“The rituals of rural France, whether queuing for a baguette or sipping a noisette (espresso with a ‘nut’ of milk) while watching the world go by, are effective barriers to the rush of modern times. Somehow, in France, at least outside of Paris, Marseille and Lyon, there is still time. Time to be. Time to do nothing at all.
I watch Jean-Francois make his way from the Boulangerie to the Maisonette de la Presse. A journey of fifty yards, but it takes Jean-Francois quarter of an hour. A former notary in his early seventies, Jean-Francois shakes hands or bisous five different men and women - France is the republic of handshakes and kisses - and exchanges greetings, gossip and news with them all.
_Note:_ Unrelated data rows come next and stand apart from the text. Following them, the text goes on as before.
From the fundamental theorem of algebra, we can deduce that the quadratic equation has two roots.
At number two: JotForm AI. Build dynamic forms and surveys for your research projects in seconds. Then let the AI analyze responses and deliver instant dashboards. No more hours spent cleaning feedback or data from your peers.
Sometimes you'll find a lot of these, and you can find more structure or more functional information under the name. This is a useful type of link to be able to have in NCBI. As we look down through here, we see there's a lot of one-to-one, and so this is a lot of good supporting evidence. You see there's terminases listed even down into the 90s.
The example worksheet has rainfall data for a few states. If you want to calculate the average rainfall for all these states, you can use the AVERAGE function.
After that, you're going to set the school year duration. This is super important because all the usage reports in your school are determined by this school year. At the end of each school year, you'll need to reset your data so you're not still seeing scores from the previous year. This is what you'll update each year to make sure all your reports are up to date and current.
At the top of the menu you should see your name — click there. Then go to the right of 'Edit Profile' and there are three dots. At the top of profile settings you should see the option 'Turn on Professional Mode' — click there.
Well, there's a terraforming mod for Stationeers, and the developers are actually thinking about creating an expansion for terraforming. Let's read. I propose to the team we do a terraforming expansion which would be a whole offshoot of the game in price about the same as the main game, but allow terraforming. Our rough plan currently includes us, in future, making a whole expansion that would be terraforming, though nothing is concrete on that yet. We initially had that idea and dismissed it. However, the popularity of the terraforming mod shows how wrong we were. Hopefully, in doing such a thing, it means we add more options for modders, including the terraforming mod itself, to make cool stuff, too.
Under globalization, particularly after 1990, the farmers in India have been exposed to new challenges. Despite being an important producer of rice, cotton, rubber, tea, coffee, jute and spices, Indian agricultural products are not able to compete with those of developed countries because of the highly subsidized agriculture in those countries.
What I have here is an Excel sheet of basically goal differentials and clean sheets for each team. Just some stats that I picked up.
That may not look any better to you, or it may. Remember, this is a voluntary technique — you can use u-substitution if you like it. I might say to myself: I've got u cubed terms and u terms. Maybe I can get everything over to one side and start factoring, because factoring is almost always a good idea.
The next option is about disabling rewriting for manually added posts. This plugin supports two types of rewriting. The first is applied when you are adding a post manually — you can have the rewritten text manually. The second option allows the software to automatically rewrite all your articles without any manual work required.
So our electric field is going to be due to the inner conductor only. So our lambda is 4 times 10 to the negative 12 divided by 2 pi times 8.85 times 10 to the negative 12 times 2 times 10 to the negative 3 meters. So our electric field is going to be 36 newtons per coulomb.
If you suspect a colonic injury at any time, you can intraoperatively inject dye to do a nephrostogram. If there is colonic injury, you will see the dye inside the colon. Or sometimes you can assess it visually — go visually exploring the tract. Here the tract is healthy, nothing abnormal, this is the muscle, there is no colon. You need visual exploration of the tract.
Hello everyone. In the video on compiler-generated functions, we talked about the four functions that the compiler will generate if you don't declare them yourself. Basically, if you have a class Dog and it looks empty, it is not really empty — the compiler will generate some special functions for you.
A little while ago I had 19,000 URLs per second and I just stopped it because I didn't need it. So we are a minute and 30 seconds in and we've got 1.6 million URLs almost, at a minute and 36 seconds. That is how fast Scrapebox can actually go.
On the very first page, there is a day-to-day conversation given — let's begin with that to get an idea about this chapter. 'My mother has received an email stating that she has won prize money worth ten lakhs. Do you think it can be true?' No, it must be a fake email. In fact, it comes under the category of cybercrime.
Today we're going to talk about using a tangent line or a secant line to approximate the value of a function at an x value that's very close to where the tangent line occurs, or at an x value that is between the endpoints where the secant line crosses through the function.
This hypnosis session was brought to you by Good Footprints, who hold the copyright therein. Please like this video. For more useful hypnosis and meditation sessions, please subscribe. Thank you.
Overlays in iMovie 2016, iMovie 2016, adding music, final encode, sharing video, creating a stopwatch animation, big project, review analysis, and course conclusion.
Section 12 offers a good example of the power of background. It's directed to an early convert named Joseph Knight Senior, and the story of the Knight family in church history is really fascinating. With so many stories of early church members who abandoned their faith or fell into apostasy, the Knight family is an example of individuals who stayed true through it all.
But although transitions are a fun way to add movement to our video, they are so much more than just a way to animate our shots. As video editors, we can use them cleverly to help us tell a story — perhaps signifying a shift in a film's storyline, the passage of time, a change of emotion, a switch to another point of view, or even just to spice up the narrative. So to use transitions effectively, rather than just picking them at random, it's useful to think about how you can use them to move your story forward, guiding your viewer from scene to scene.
These same people then greet and talk with others in a slow, slow quadrille.
I sit sipping my noisette and watch the dance to the music of time.”
John Lewis-Stempel has permanently moved to France and become a self-sufficient farmer in the Charente region, living in extremely rural France or “la France Profonde”.
In this book, he describes a year on his farm, the birdsong, the wildlife, the crops, the villagers and some of the nuances of French culture, all in his beguiling, poetic style.
A book that will make you fall in love with rural France and want to become, like Stempel, a self-sufficient farmer living and working in the beautiful French countryside.